§ Records shown:
++++++++
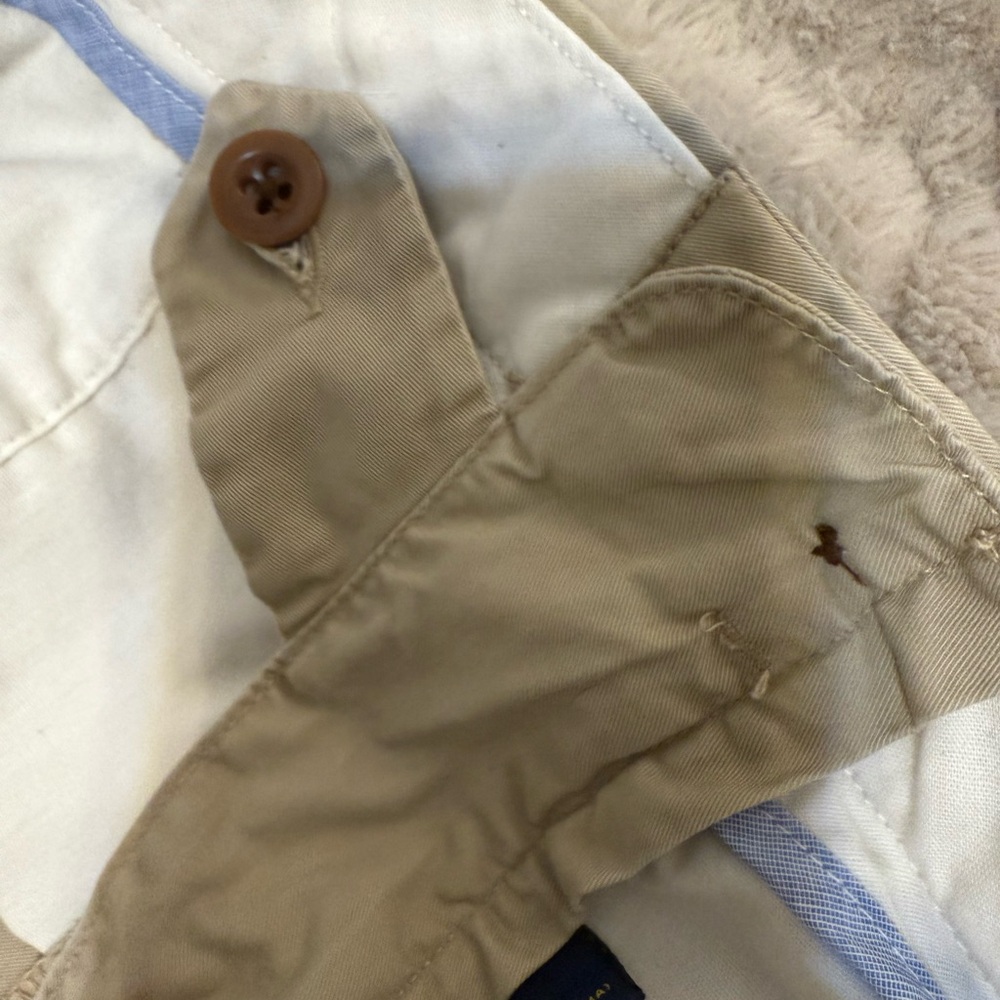 Men’s khaki classic fit polo Ralph Lauren shorts size 38 - Picture 6 of 11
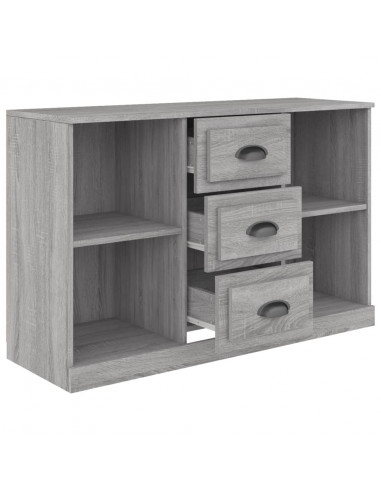 Credenza Grigio Sonoma 104,5x35,5x67,5 cm in Legno Multistrato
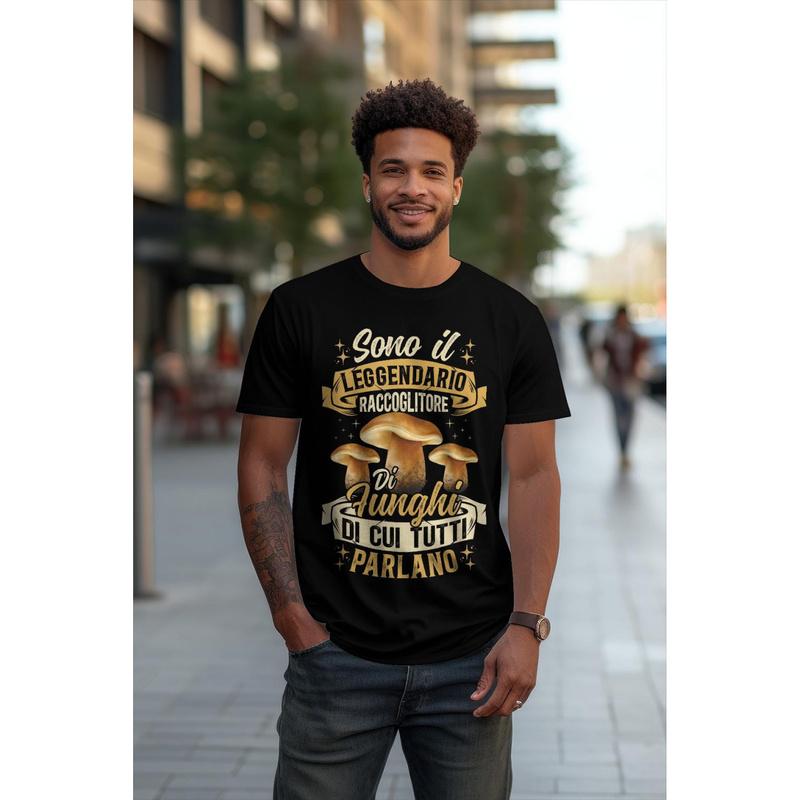 Porcini Micologo Fungo Porcino Funghi Maglietta Tee Unisex For Man Gift Cottoned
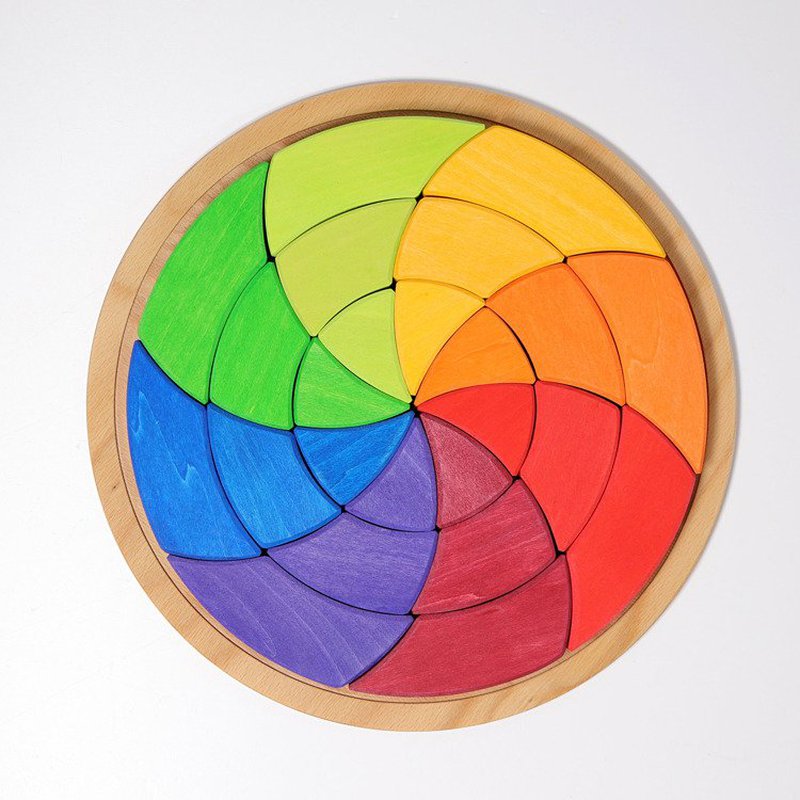 Drewniane Koło 3+, tęczowe, Grimm's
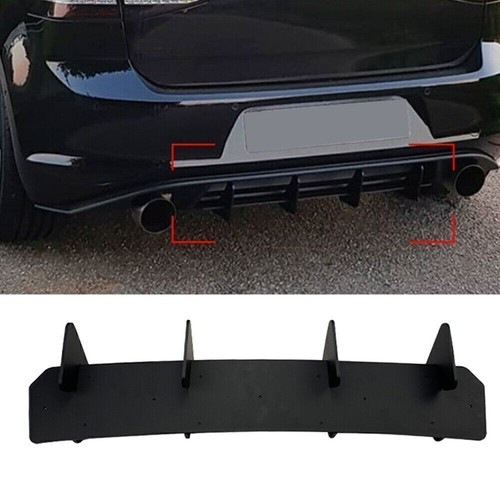 Car rear diffuser spoiler side - rear,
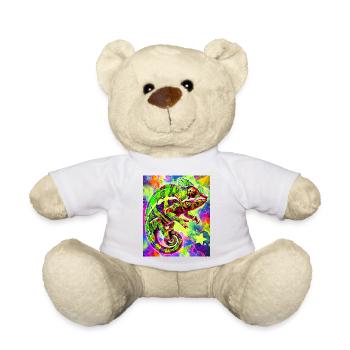 chameleon - Teddy Bear - white - Front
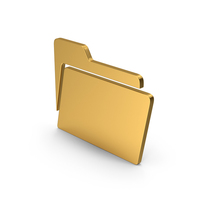 Symbol Folder Gold PNG & PSD Images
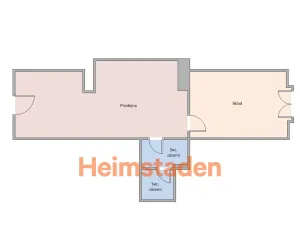 Pronájem obchodního prostoru, Havířov - Město, Hlavní třída, 40 m2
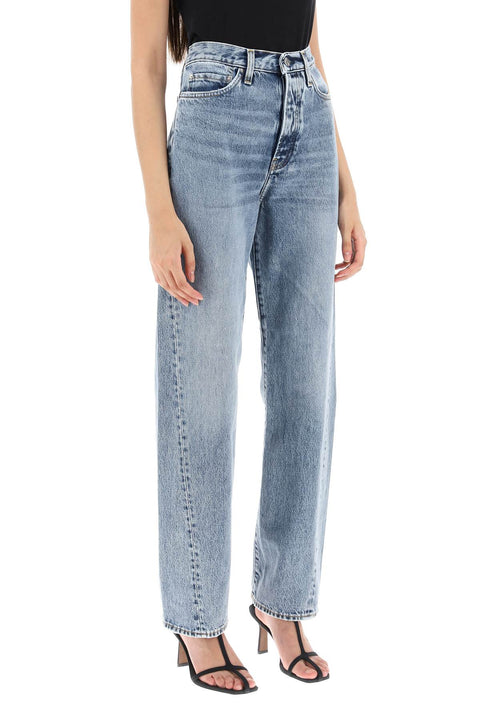 Twisted Seam Straight Jeans - Blue-clothing-Toteme-24-Urbanheer
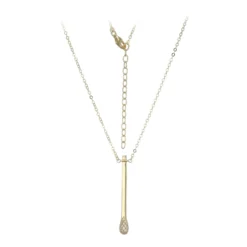 Zirkon-Silbercollier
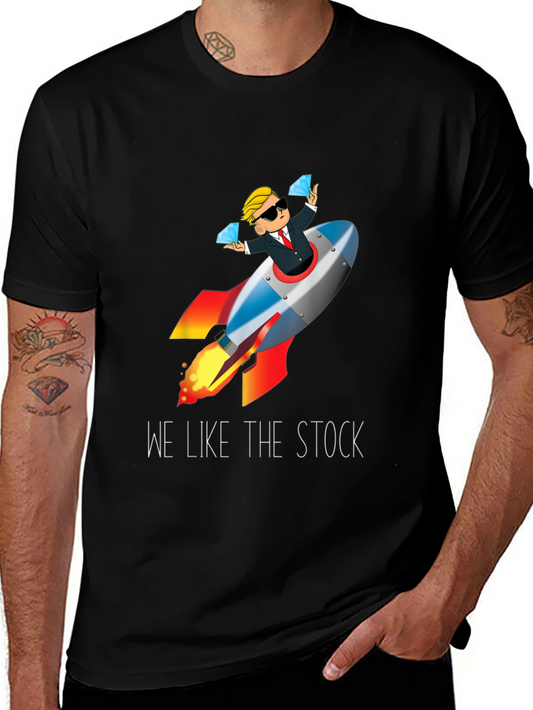 We Like the Stock T-Shirt - Rocket Man Stonks
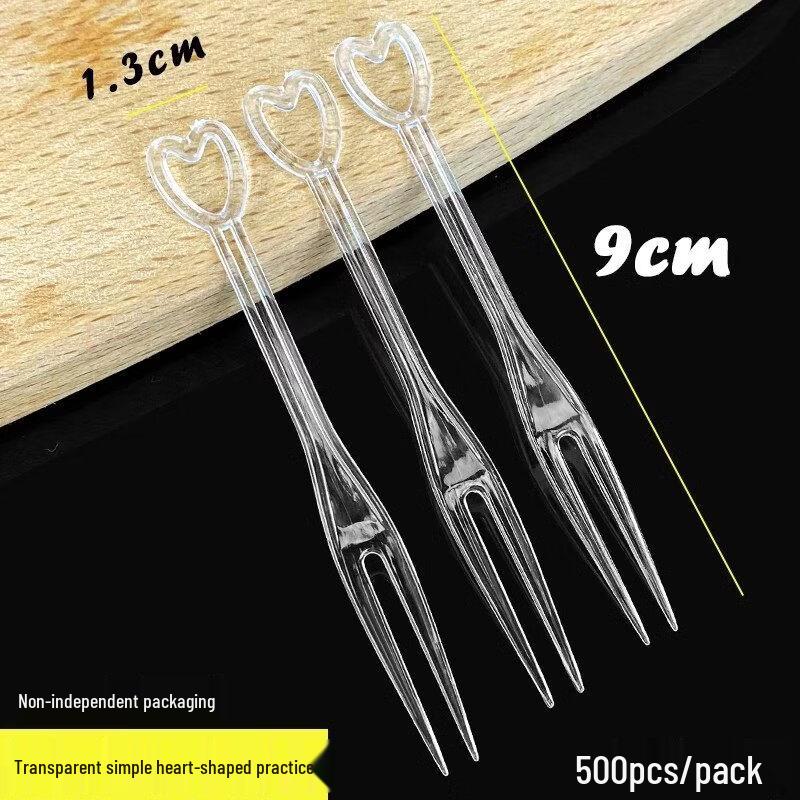 ZISIZ Disposable Fruit Fork Set
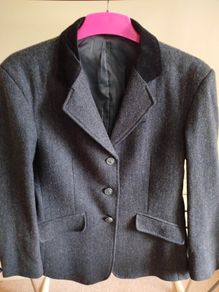 Shires Malvern Navy Tweed Show Jacket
++++++++
Among the entries above, copy exactly the stretch from the line holding "chameleon - Teddy Bear - white - Front" through the line holding "We Like the", leaving out any pictures.

 chameleon - Teddy Bear - white - Front
 Symbol Folder Gold PNG & PSD Images
 Pronájem obchodního prostoru, Havířov - Město, Hlavní třída, 40 m2
 Twisted Seam Straight Jeans - Blue-clothing-Toteme-24-Urbanheer
 Zirkon-Silbercollier
 We Like the Stock T-Shirt - Rocket Man Stonks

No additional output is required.